• _Records to use_
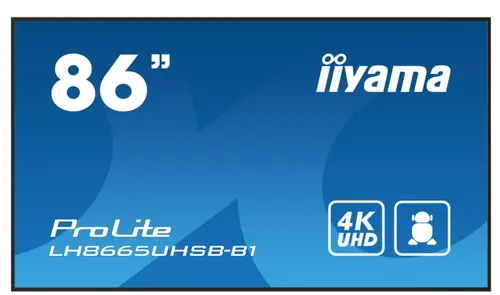 Ecran Profesional IPS LED iiyama ProLite 86inch LH8665UHSB-B1, UHD (3840 x 2160), HDMI, DisplayPort, Boxe (Negru)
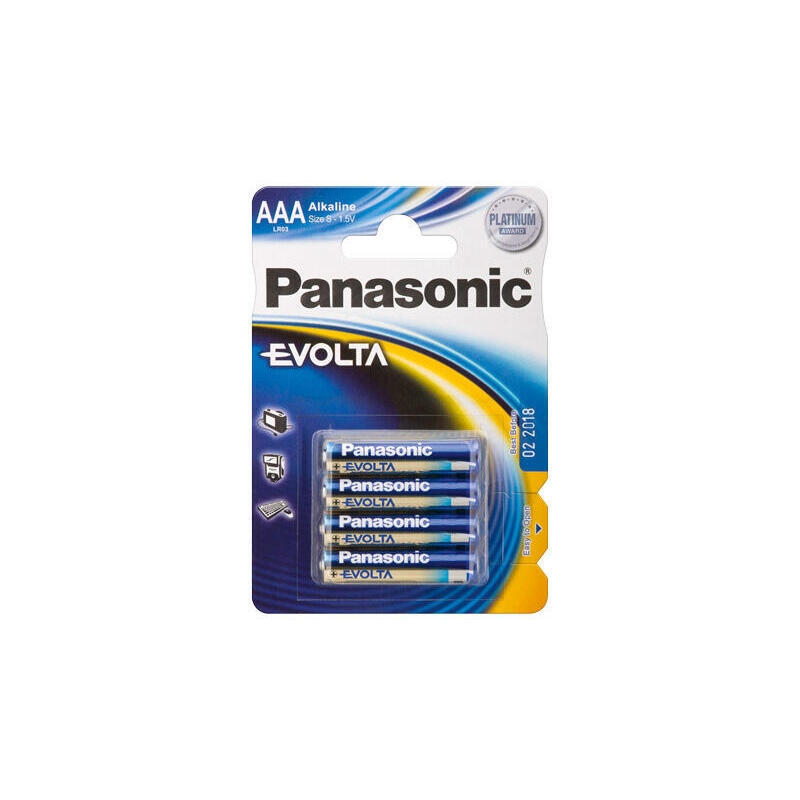 Panasonic evolta platina aaa lr03ege/4bp, blister 4 peças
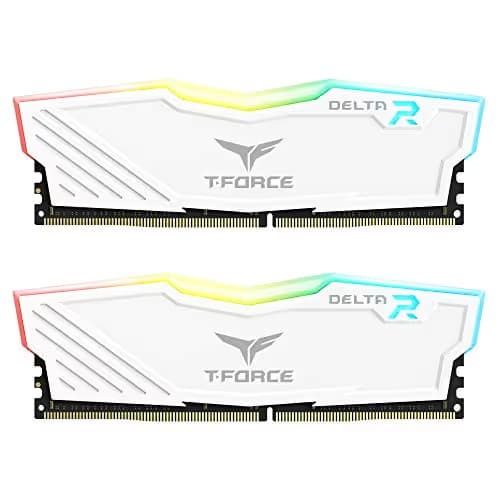 TEAMGROUP T-Force Delta RGB White DDR4-3200 CL16 32GB (2x16GB) WHITE image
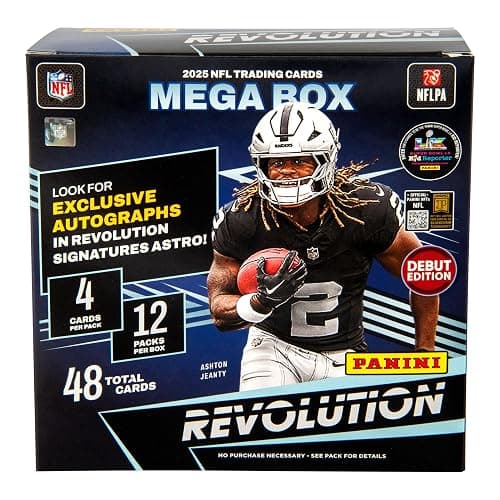 2025 Panini Revolution Football Trading Cards Mega Box thumbnail 2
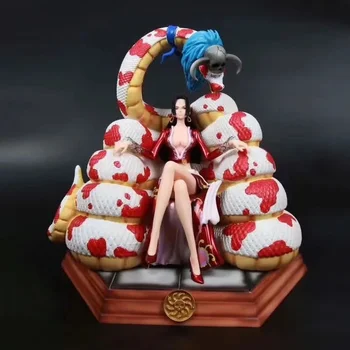 

Anime One Piece Boa Hancock GK Sitting Position Ver PVC Action Figure Collectible Model doll toy 31cm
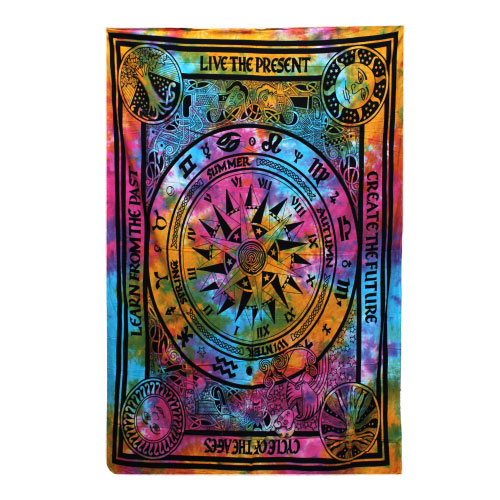 Single Cotton Bedspread + Wall Hanging – Cycle of Ages Single Cotton Bedspread + Wall Hanging – Cycle of Ages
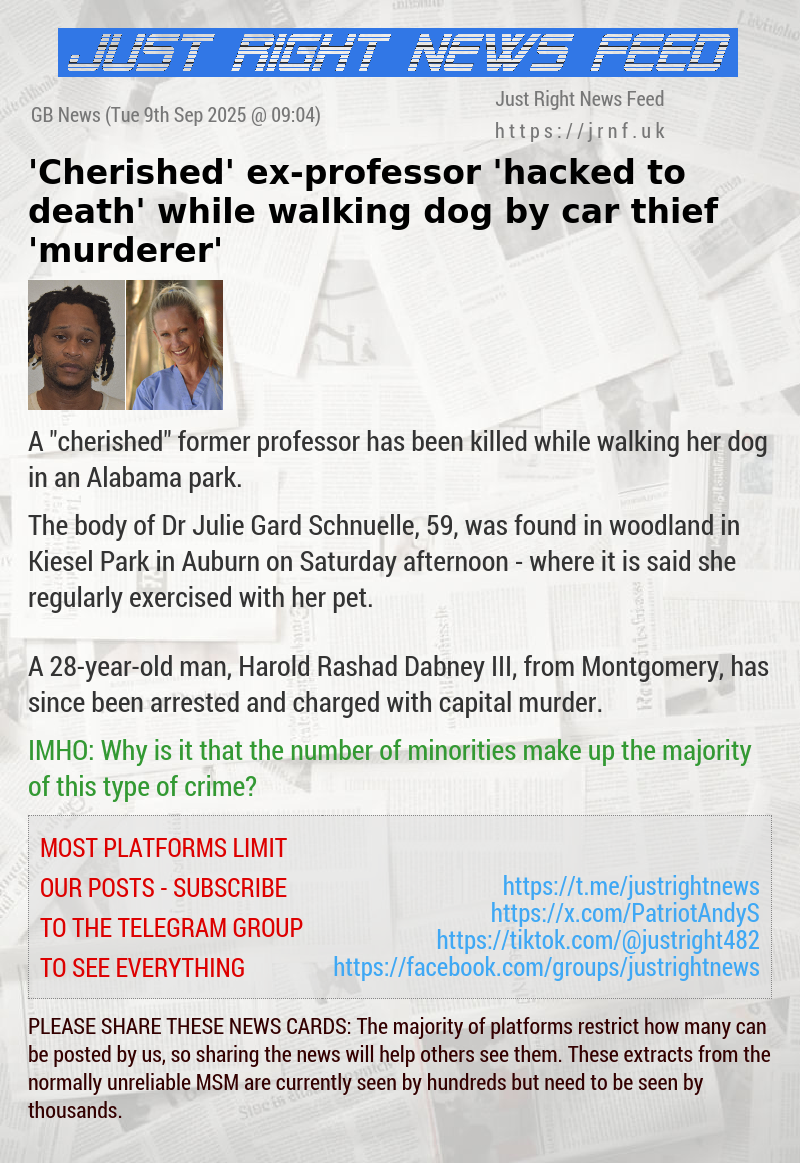 ’Cherished’ ex—professor ’hacked to death’ while walking dog by car thief ’murderer’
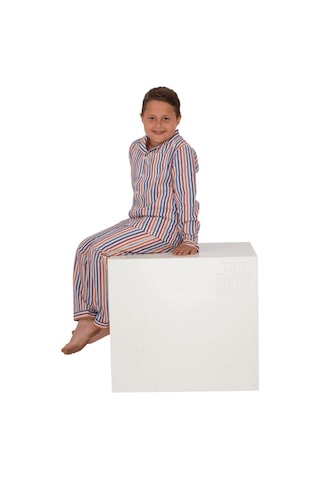 The Nuba The Don Çok Renkli Çizgili Erkek Çocuk Pijama Takımı (9-14 Yaş)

• _About this task_
Although the records hold pictures, return only what remains, word for word.

• _Solution for this problem_
 Ecran Profesional IPS LED iiyama ProLite 86inch LH8665UHSB-B1, UHD (3840 x 2160), HDMI, DisplayPort, Boxe (Negru)
 Panasonic evolta platina aaa lr03ege/4bp, blister 4 peças
 TEAMGROUP T-Force Delta RGB White DDR4-3200 CL16 32GB (2x16GB) WHITE image
 2025 Panini Revolution Football Trading Cards Mega Box thumbnail 2

Anime One Piece Boa Hancock GK Sitting Position Ver PVC Action Figure Collectible Model doll toy 31cm
 Single Cotton Bedspread + Wall Hanging – Cycle of Ages Single Cotton Bedspread + Wall Hanging – Cycle of Ages
 ’Cherished’ ex—professor ’hacked to death’ while walking dog by car thief ’murderer’
 The Nuba The Don Çok Renkli Çizgili Erkek Çocuk Pijama Takımı (9-14 Yaş)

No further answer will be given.